Combination trial could be start of second act for Amgen’s Imlygic

Masterkey-265 will test the sector’s renewed interest in oncolytic viruses as a way of turning “cold" tumours "hot”.

Imlygic was a scientific achievement that disappointed commercially. The first oncolytic virus had the misfortune of being launched just as the anti-PD-1 antibodies Opdivo and Keytruda were transforming the treatment of melanoma, and partly as a result has fallen well short of forecasts.

The Amgen product now has a chance to redeem itself, with results due in December from the Keytruda combination trial Masterkey-265 in first-line disease. Melanoma is one of the few settings in which Bristol-Myers Squibb’s Opdivo has outmanoeuvred Merck & Co’s Keytruda, so positive results from this study could help both Merck and Amgen.

Less toxic

The trial, also known as Keynote-034, pits the Imlygic-Keytruda combination against Keytruda alone in 713 patients, hoping to show a benefit on progression-free and overall survival. The benchmark against which the combination will be judged will be the 11.5 months of PFS achieved by a combination of Opdivo and Yervoy in the Checkmate-067 trial, in which the Bristol combination reduced the risk of progression by 58%.

Study Setting Treatment Trial ID
Masterkey-265/Keynote-034 Melanoma Keytruda +/- Imlygic NCT02263508

Alone, Keytruda can achieve 5.5 months of PFS on average, equating to a 42% reduction in risk of progression versus Yervoy monotherapy. Imlygic gained approval on the basis of a durable response rate of 16.3%, compared with 2.1% in a comparator arm treated with GM-CSF. The overall survival for patients treated with Imlygic was 22.9 months, statistically no better than the 19 months in the GM-CSF arm.

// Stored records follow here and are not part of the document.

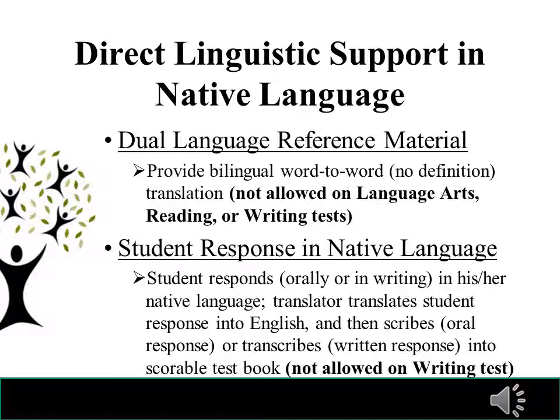For writing, the student must dictate in English — translation is not allowed. Transcriptions of a student's responses must be written verbatim, including spelling, formatting, and punctuation. Test security must be maintained when using this accommodation. After answers are transcribed, all paper copies of student work must be returned with non-scorable test materials.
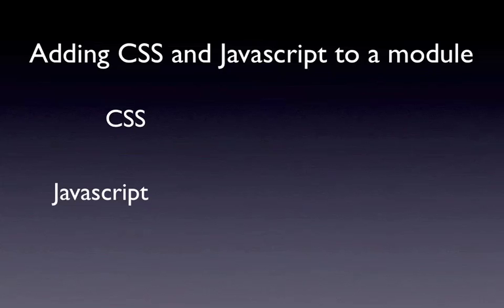Hi, this is Chris Shattuck with buildamodule.com, and I'm going to tell you a little bit about how to add CSS and JavaScript to your module.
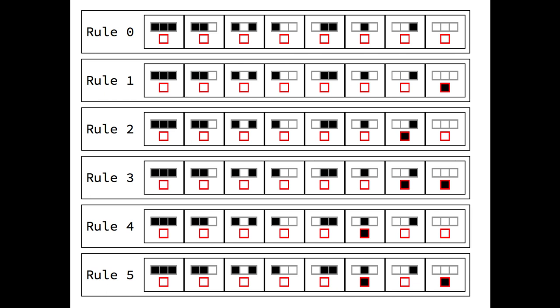So once the space of all elementary cellular automata are properly enumerated, we can conduct an exhaustive search and study the behaviour of these computer programs. So we saw some sort of fundamental predictability limit in the halting problem for computer programs, in particular, Turing machines. That happens for all types of computer programs.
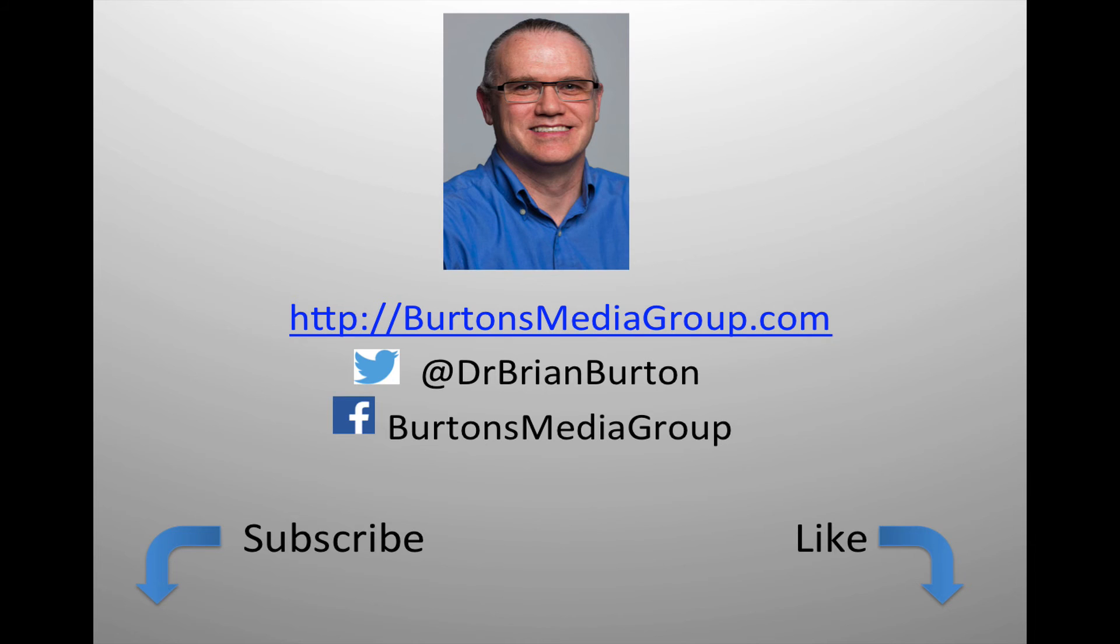We have a lot more tutorials and lessons forthcoming. If you'd like to follow what's happening you can follow us on Twitter at Dr. Brian Burton or Facebook at Burton's Media Group or on our website BurtonsMediaGroup.com. If you'd like notification through YouTube hit the like or subscribe button.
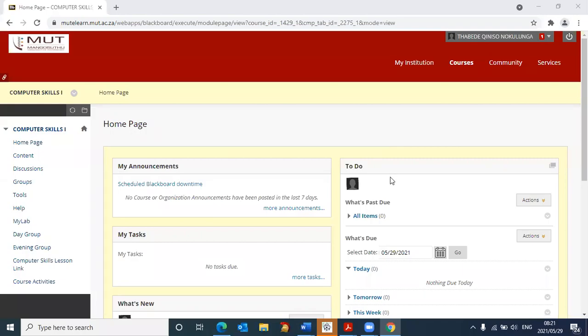Hey, guys. In this video, I will show you how to log into the Pearson platform.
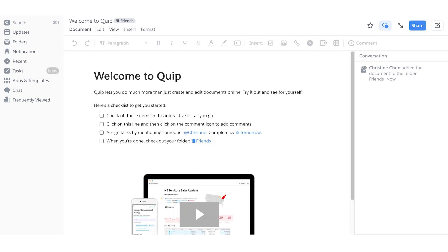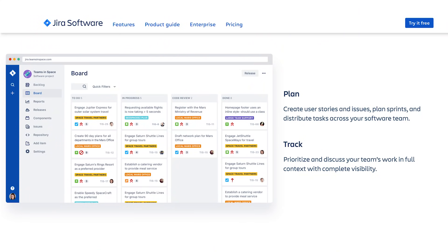Other tools I use that are not design related are Quip and Jira. Quip is like Google Docs but easier to collaborate with people — my product managers use Quip to write out their roadmaps and I use it to document my designs. Jira is mainly used by product managers and engineers to break down projects and tasks. I rarely go in there unless I have to file a UI bug.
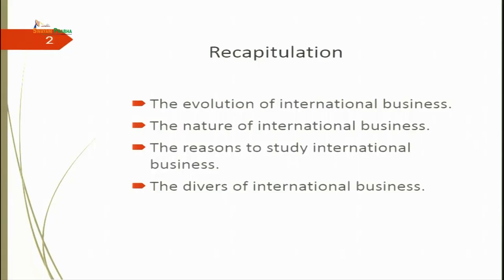Before starting with the lecture, let's look at what we did in Lecture No. 1. In the previous lecture, we discussed about the evolution of international business. We came to know about the various nature, scope and importance of international business as far as the national economy is concerned. We also studied the reasons for studying international business and were able to identify the drivers of international business.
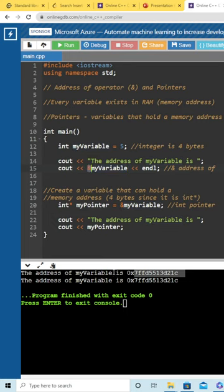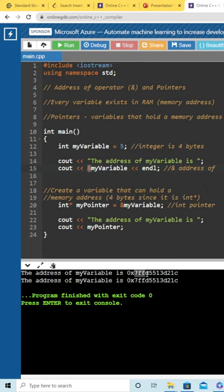And when we run that, you can see that it's going to print out the hexadecimal address. You know that it's hexadecimal because it starts with 0x, and so this is the location in which this variable lives. Stick around for part 2.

So far, the Merck-Amgen combo has not met the Opdivo-Yervoy benchmark: phase Ib results showed a confirmed overall response rate of 48%, similar to the 50% ORR reported by Opdivo plus Yervoy in Checkmate-067.

But there is an expectation that Keytruda-Imlygic could amount to a less toxic combination, meaning that it probably only needs to show similar survival benefit. In Checkmate-067, 73% of patients on Opdivo-Yervoy experienced severe adverse events, and 43% discontinued treatment because of these.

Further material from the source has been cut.